Mandel, a staunch neoconservative, has voiced her opposition to the conversions performed by those prominent liberal Orthodox rabbis opposing the centralization of the conversion system. Her preferred target is, of course, Ivanka Trump. She labels her conversion as “privilege,” a shortcut to Orthodox Judaism. With her attack, Mandel is not only targeting Ivanka, but also a large number of Orthodox rabbis who are disaffected by the conversion system and the increasingly stringent approach of the RCA. The Orthodox conversion crisis is just one more example of how divided Orthodox Judaism is.
Ivanka Trump and Bethany Mandel are two iconic faces of 21st-century Orthodoxy in the US. They also are the two opposed faces of the Modern Orthodox Jewry: the establishment (Mandel) and the new currents (Trump). Both are women. Despite their differences, Trump and Mandel represent the most serious, revolutionary trend in Orthodox Judaism: the rise of women.
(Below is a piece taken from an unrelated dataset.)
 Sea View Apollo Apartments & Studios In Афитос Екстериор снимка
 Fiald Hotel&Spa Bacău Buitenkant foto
According to the final report of the RCA review committee, 78% of converts using the centralized conversion system are women. One of the most divisive issues in Orthodox Judaism is the role of women as educated spiritual leaders and Jewish law adjudicators. Located in the Bronx, Yeshivat Maharat is the first Orthodox rabbinical seminary to ordain women to synagogue pulpits in America. His founder and spiritual leader, Rabbi Avi Weiss, was tempted to name the first Orthodox women Rabbis as “rabba.” After his first—and sole—attempt in 2010, the controversy which followed suggested a less confrontational approach. The acronym “maharat” was retained. It means “Leader of Jewish law, spirituality and Torah.” It is a rather complicated euphemism. The ordination of women functioning as Orthodox Rabbis was just a matter of time since talmudic and pararabbinical education for women was establish around 1977 at Yeshiva University—the leading Orthodox Jewish higher education institution.
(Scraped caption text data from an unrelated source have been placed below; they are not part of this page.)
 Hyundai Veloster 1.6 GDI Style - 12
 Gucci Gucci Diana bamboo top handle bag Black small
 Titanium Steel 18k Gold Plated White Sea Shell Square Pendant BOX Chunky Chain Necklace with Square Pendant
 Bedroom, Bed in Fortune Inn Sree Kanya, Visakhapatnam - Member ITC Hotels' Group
At the same time, egalitarian Orthodox prayer services are beginning to pop up. New York hosts one of the most successful egalitarian Orthodox services, Darkhei Noam. While maintaining the division between men and women, this egalitarian service allows women to read the sacred scrolls of the Pentateuch, the first five books of the Hebrew Bible, and lead prayers.
Orthodox Judaism is slowly leaving its men-only status. The attempts of more conservative streams of Modern Orthodoxy in the United States to stop the rise of women are miserably failing. Women are assuming more and more roles in Modern Orthodox synagogues. Even the Freundel scandal shows that arbitrariness towards women has clear limits—and devastating consequences. Of course, the conservative-minded RCA rabbis will try to keep things the way they are. They can even engage some women to their side in this battle—like Bethany Mandel.
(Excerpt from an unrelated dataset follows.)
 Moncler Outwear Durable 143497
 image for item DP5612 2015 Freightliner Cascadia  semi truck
Numbers matter. Orthodox Jewish converts are already overwhelmingly dominated by women. The recently established Orthodox Converts Network is led by two women—Jenna Englender and Rebekah Thornhill. Despite the hopes, this organization for converts seems to reproduce the same behavior patterns. It has been accused of vetoing other Orthodox converts—none other than Bethany Mandel. In Facebook comments from 2014, Mandel denounced the situation and reached the conclusion that the Orthodox Converts Network was not “kosher” enough. Women may act as leaders in many areas of Orthodox Jewish life. But their irruption tends to faithfully reproduce men politics and its vices.
Ivanka’s odds are linked to a group of women that is becoming very relevant in Orthodox Judaism. She fits very well in these new leading roles. Like Bethany Mandel, she enjoys her Jewish role despite her diffident attitude. And, yes, her father’s sudden political fame does not help either.
The rise of women in Orthodox Judaism was a kind of natural outcome after the direction that Modern Orthodoxy took decades ago. Women’s access to Jewish leadership is a matter of justice. It needs to be fully supported. It is now time to assess if women’s leadership can make the difference in Orthodox Judaism with new practices and a transformative approach. The core issue still is how to change Modern Orthodoxy according to its foundational values. In the end, what Orthodox Judaism needs is a renewed leadership—men or women with open ideas and sound practices.